Refining Segment Drives Strong Revenue
The refining segment, the core business of the group, generated $1.6 billion in operating revenue in the third quarter, a dramatic increase from $565 million recorded in the same period the previous year. This growth stems from a significant rebound in refining margins, which improved to $13.14 per barrel of throughput, up from $9.09 a year earlier. Concurrently, the refining capacity utilization rate reached 97%, a high level that attests to the strong operational momentum of the group, particularly in the United States where regions like the Gulf of Mexico and North Atlantic coast have set new throughput records. The ethanol sector also contributed positively to performance, with operating revenue growing to $183 million compared to $153 million in the third quarter of 2024. However, the sustainable fuels activity remains under pressure, with the renewable diesel segment posting an operating loss of $28 million, a reversal from the $35 million in revenue recorded the previous year. This mixed performance highlights the group's differentiated exposure to energy cycles and the ecological transition.

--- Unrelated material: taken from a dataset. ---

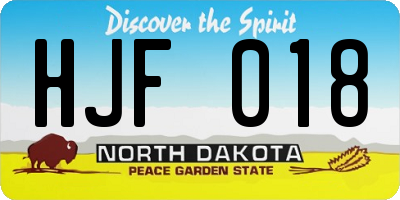 ND license plate HJF018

Continued Focus on Industrial Optimization
Beyond the quarterly results, Valero continues its efforts in industrial optimization. The group has launched a project to improve the catalytic cracking unit at the Saint-Charles refinery with an investment of $230 million, an initiative aimed at enhancing the production of high-value derivatives. This investment is expected to become operational during the second half of 2026.